# Work task
Each record is to be transcribed in full and exactly.

# Data provided
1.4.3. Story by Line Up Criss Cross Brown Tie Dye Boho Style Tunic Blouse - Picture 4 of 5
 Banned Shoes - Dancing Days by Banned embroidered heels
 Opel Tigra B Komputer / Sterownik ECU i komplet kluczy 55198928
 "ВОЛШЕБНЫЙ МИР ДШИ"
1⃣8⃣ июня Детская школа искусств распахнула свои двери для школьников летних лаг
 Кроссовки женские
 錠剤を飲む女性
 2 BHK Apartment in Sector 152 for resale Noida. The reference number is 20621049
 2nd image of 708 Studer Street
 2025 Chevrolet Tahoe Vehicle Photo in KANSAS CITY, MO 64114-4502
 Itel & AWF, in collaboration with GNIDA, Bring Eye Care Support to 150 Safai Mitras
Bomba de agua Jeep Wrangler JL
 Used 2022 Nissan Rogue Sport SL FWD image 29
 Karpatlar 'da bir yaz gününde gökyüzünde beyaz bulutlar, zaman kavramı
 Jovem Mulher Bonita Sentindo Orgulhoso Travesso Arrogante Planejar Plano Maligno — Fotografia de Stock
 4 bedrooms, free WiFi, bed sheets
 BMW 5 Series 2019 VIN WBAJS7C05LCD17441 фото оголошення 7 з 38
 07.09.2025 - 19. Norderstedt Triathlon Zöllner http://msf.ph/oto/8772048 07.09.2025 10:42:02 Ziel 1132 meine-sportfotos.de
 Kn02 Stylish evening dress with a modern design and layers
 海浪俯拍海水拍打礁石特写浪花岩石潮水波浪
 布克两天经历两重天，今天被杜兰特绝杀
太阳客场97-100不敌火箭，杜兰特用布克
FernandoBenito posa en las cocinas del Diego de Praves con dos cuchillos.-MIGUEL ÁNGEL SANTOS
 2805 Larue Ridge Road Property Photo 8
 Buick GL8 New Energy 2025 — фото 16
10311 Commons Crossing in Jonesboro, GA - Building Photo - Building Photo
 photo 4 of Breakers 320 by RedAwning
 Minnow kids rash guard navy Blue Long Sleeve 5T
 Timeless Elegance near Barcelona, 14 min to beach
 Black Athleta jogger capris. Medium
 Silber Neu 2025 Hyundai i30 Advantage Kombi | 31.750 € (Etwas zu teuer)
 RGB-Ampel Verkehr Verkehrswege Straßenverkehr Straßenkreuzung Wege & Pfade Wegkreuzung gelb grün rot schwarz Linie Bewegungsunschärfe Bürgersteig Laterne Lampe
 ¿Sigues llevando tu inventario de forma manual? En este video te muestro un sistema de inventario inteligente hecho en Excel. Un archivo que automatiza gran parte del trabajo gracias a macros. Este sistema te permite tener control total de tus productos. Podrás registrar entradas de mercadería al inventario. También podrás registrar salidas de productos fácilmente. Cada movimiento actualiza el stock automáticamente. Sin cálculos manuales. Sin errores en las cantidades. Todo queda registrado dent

# Answer space
1.4.3. Story by Line Up Criss Cross Brown Tie Dye Boho Style Tunic Blouse - Picture 4 of 5
 Banned Shoes - Dancing Days by Banned embroidered heels
 Opel Tigra B Komputer / Sterownik ECU i komplet kluczy 55198928
 "ВОЛШЕБНЫЙ МИР ДШИ"
1⃣8⃣ июня Детская школа искусств распахнула свои двери для школьников летних лаг
 Кроссовки женские
 錠剤を飲む女性
 2 BHK Apartment in Sector 152 for resale Noida. The reference number is 20621049
 2nd image of 708 Studer Street
 2025 Chevrolet Tahoe Vehicle Photo in KANSAS CITY, MO 64114-4502
 Itel & AWF, in collaboration with GNIDA, Bring Eye Care Support to 150 Safai Mitras
Bomba de agua Jeep Wrangler JL
 Used 2022 Nissan Rogue Sport SL FWD image 29
 Karpatlar 'da bir yaz gününde gökyüzünde beyaz bulutlar, zaman kavramı
 Jovem Mulher Bonita Sentindo Orgulhoso Travesso Arrogante Planejar Plano Maligno — Fotografia de Stock
 4 bedrooms, free WiFi, bed sheets
 BMW 5 Series 2019 VIN WBAJS7C05LCD17441 фото оголошення 7 з 38
 07.09.2025 - 19. Norderstedt Triathlon Zöllner http://msf.ph/oto/8772048 07.09.2025 10:42:02 Ziel 1132 meine-sportfotos.de
 Kn02 Stylish evening dress with a modern design and layers
 海浪俯拍海水拍打礁石特写浪花岩石潮水波浪
 布克两天经历两重天，今天被杜兰特绝杀
太阳客场97-100不敌火箭，杜兰特用布克
FernandoBenito posa en las cocinas del Diego de Praves con dos cuchillos.-MIGUEL ÁNGEL SANTOS
 2805 Larue Ridge Road Property Photo 8
 Buick GL8 New Energy 2025 — фото 16
10311 Commons Crossing in Jonesboro, GA - Building Photo - Building Photo
 photo 4 of Breakers 320 by RedAwning
 Minnow kids rash guard navy Blue Long Sleeve 5T
 Timeless Elegance near Barcelona, 14 min to beach
 Black Athleta jogger capris. Medium
 Silber Neu 2025 Hyundai i30 Advantage Kombi | 31.750 € (Etwas zu teuer)
 RGB-Ampel Verkehr Verkehrswege Straßenverkehr Straßenkreuzung Wege & Pfade Wegkreuzung gelb grün rot schwarz Linie Bewegungsunschärfe Bürgersteig Laterne Lampe
 ¿Sigues llevando tu inventario de forma manual? En este video te muestro un sistema de inventario inteligente hecho en Excel. Un archivo que automatiza gran parte del trabajo gracias a macros. Este sistema te permite tener control total de tus productos. Podrás registrar entradas de mercadería al inventario. También podrás registrar salidas de productos fácilmente. Cada movimiento actualiza el stock automáticamente. Sin cálculos manuales. Sin errores en las cantidades. Todo queda registrado dent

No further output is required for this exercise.